Thursday, 28 February 2013

Every day I walk past the Vista I am met by a Black-Headed Gull, ring number EY09813, which trots expectantly up to my feet to be given a couple of pieces of biscuit. Normally I would never feed gulls, but this one has become a client after I threw it some crumbs to keep it still while I read the ring.

Gull ring experts will note that this is a recent number; the gull was ringed as an adult on 18 January 2012 in Kensington Gardens, so it has no particular history.

I met Alan Gibson, a very serious gull ring recorder, on the side of the Serpentine with his powerful scope. He had a very good haul of sightings of Black-Headed Gulls ringed in Germany, Poland, Sweden and Finland.

The two Egyptian Geese who had a brood on the Vista and, as always, lost them all within three days, are now wandering around Buck Hill shouting noisily at each other, and no doubt they will be breeding again soon, to equally little effect.

How do you describe the noise that Egyptian Geese make? It is somewhere between the honk of a 'proper' goose and the quack of a duck, fitting for these birds which are neither one nor the other.

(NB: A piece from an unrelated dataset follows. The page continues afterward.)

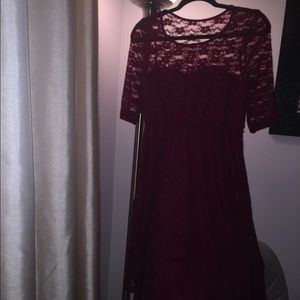 ASOS Maternity: Burgundy lace maternity dress.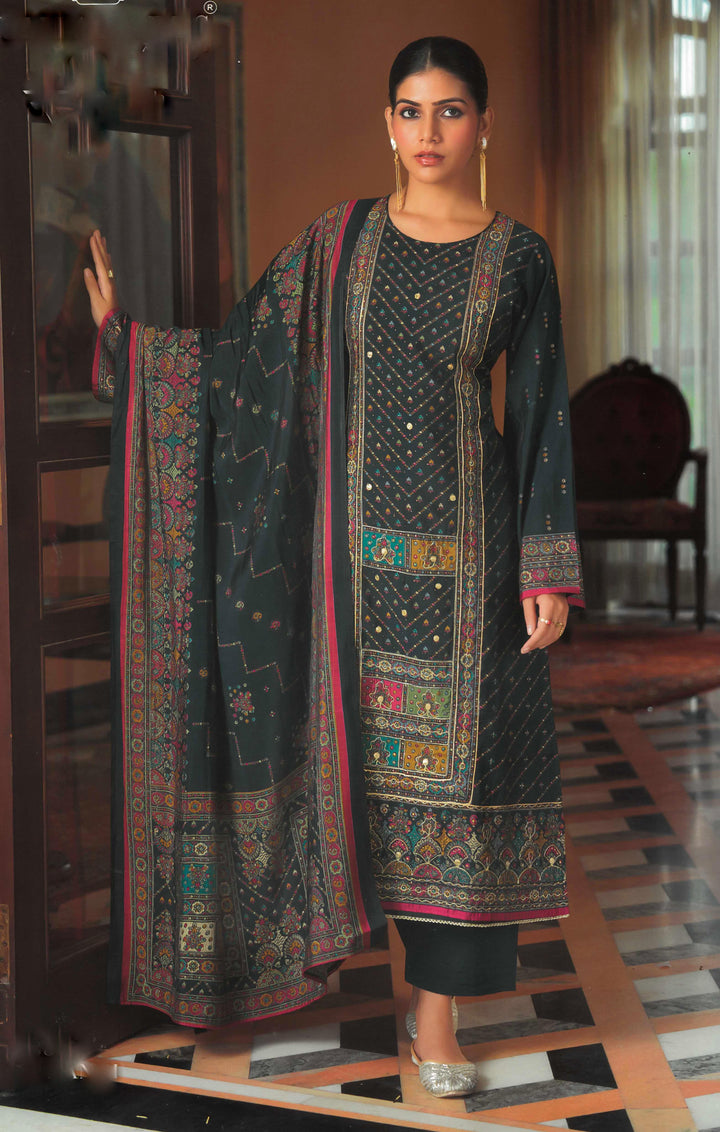 Ladyline Formal Modal Silk Salwar Kameez with Embroidery Hand Work and Lace - Palazzo Pants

A pair of Mallards were resting on the north shore of the Serpentine near the bridge. They have been hanging around this place for several days, and probably plan to nest in the shrubbery just across the path.

There were two Little Grebes in the reeds under the parapet of the Italian Garden, calling to each other and fishing busily. Each one caught two in five minutes as I watched them.

A friend sent me a link to some pictures from the weekly illustrated newspaper The Graphic,  in its issue of 18 November 1922. They show the newly created bird sanctuaries in the park, which we are familiar with but didn't exist until then: all along the east shore of the Long Water, around the greenhouses in Hyde Park, and the Dell. Probably the shrubbery behind the Peter Pan statue and around the leaf yard was included in the scheme, though there is no picture of that.

The date may be significant: the naturalist and popular novelist W.H. Hudson, who had studied the birds in the park, had died three months earlier. Possibly he had campaigned for the creation of these sanctuaries, or they were a tribute to his memory. Three years later the Rima fountain was installed in the sanctuary around the greenhouses, commemorating Hudson with a figure of the heroine of his jungle romance, Green Mansions.

The Dell had a lurid history in previous centuries, as it was the place where the London aristocracy fought their duels. It was secluded and fringed with trees, which made it very convenient for the purpose as duelling was illegal. Much blue blood was spilt. Some accounts of duels are given here.


  1. Ralph, do you have any contact details for Alan Gibson ? I photographed and took notes on a ringed BH gull at my work place several weeks ago. I sent my recordings off to the relevant section on the BTO website, but have never received a reply.

    1. No, I'm sorry, I don't. I just run into him occasionally in the park. I don't think he has a computer.